- ASSIGNMENT:
Leave the pictures out, and repeat exactly every line from the one with "Dove Grey Beechcraft" through the end of the data below.

- EXTRACTED ENTRIES:
★ ★ ★ ★ ★
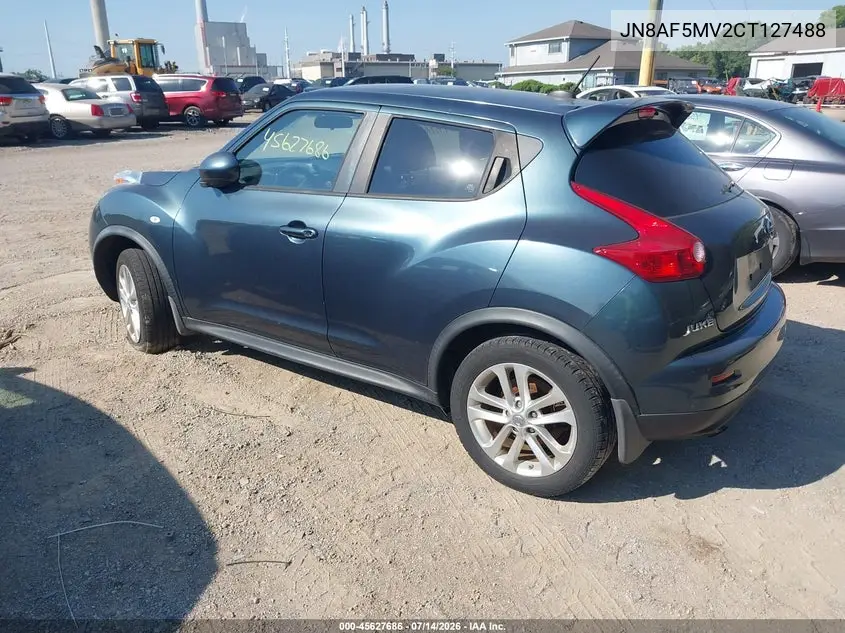 2012 Nissan Juke Sl VIN: JN8AF5MV2CT127488 Lot: 45627686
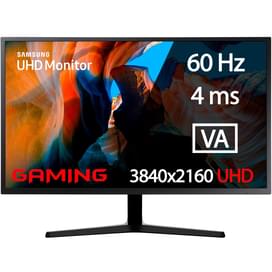 Монитор Игровой 32" Samsung LU32J590UQIXCI 3840x2160 16:9 VA 60ГЦ (2HDMI+DP) Black фото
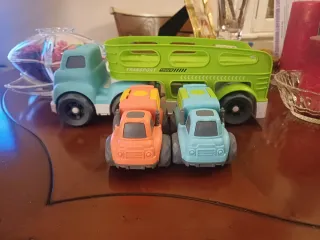 Camión de Juguete Transportador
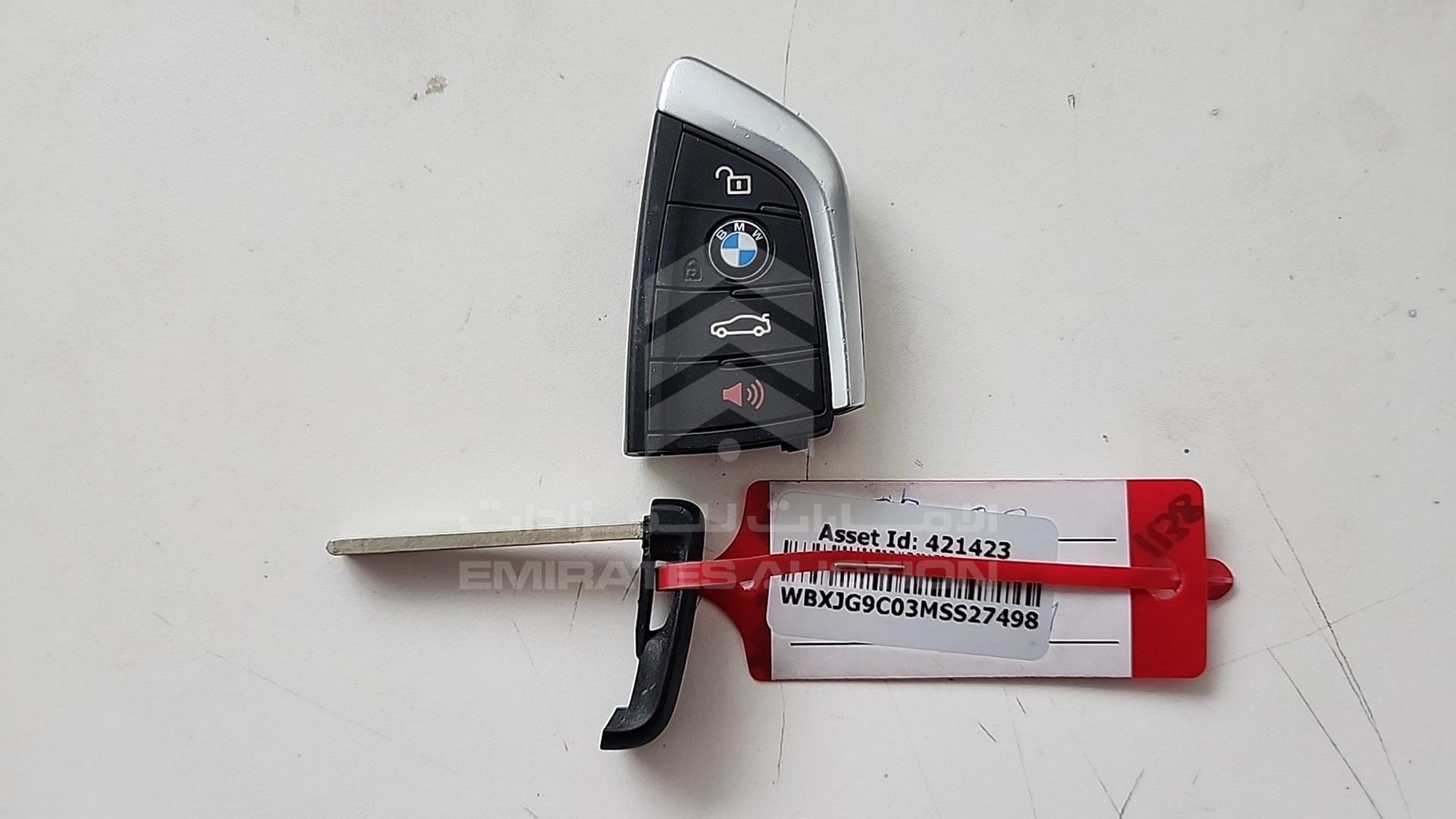 2021 BMW X1 VIN: WBXJG9C03MSS27498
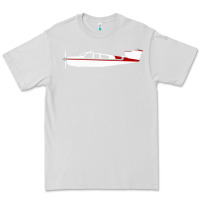 Dove Grey Beechcraft Bonanza  Perfect Gift Premium Tee - minhPixels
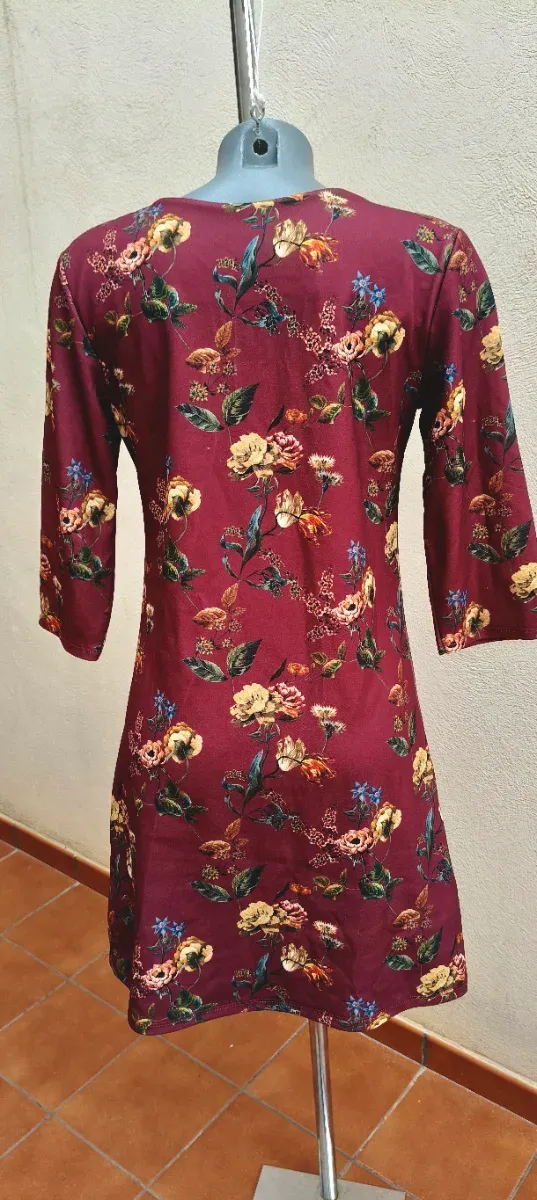 Vestido estampado floral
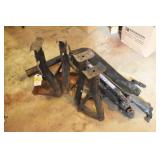 4 JACK STANDS,ROADMASTER TOWBAR
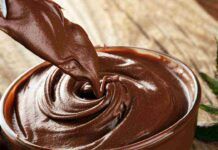 Crema al cioccolato senza uova latte e farina - RicettaSprint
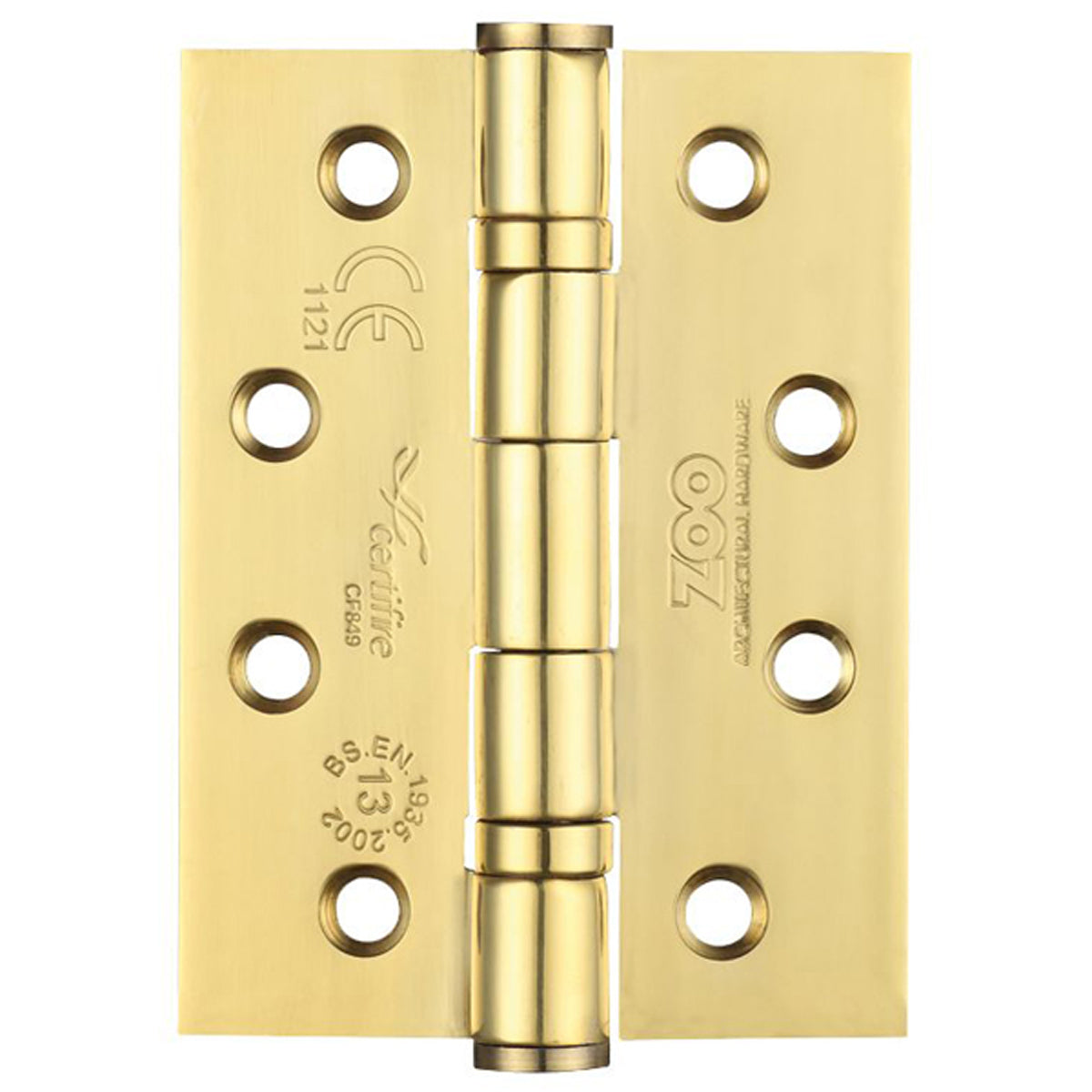 ZHSS BB PAIR½ HINGE G13 PVD – HIZ1256C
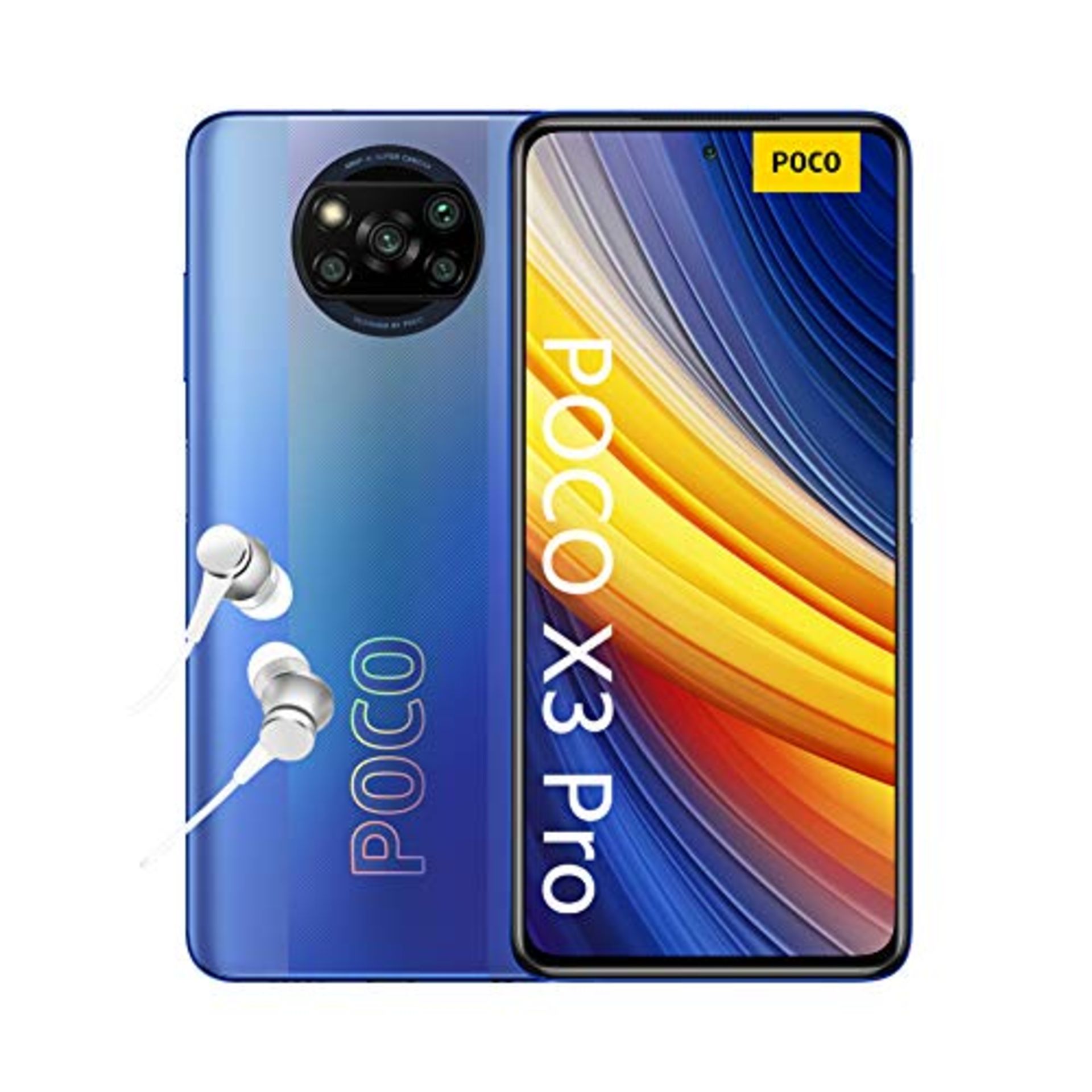 RRP £181.00 POCO X3 Pro - Smartphone 6+128GB, 6,67â¬ ýÿ 120Hz FHD+ DotDisplay, Snapdragon 860,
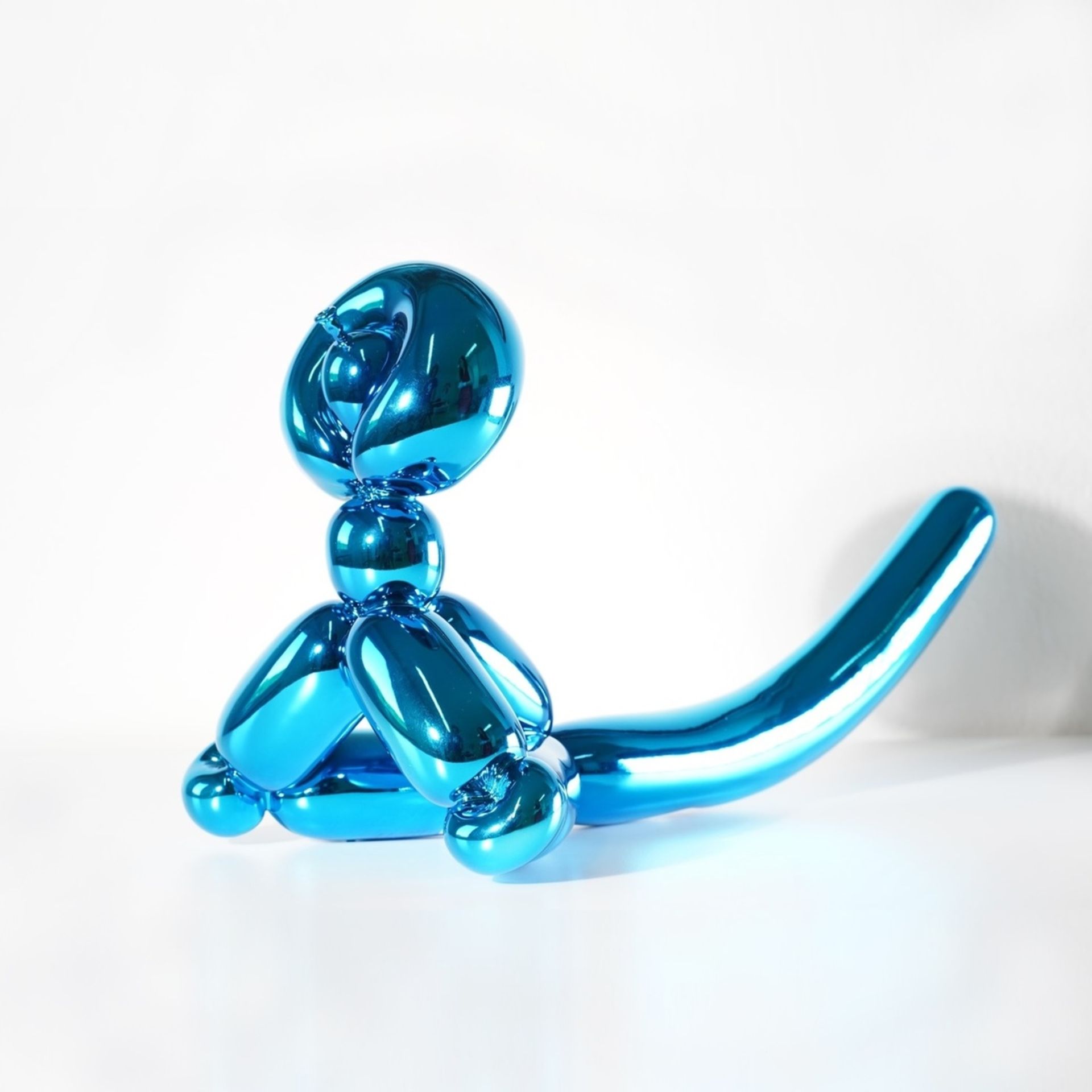 Jeff Koons (b.1955) Balloon Monkey (Blue) - Image 2 of 4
★ ★ ★ ★ ★
- TASK SOLUTION:
 Dove Grey Beechcraft Bonanza  Perfect Gift Premium Tee - minhPixels
 Vestido estampado floral
 4 JACK STANDS,ROADMASTER TOWBAR
 Crema al cioccolato senza uova latte e farina - RicettaSprint
 ZHSS BB PAIR½ HINGE G13 PVD – HIZ1256C
 RRP £181.00 POCO X3 Pro - Smartphone 6+128GB, 6,67â¬ ýÿ 120Hz FHD+ DotDisplay, Snapdragon 860,
 Jeff Koons (b.1955) Balloon Monkey (Blue) - Image 2 of 4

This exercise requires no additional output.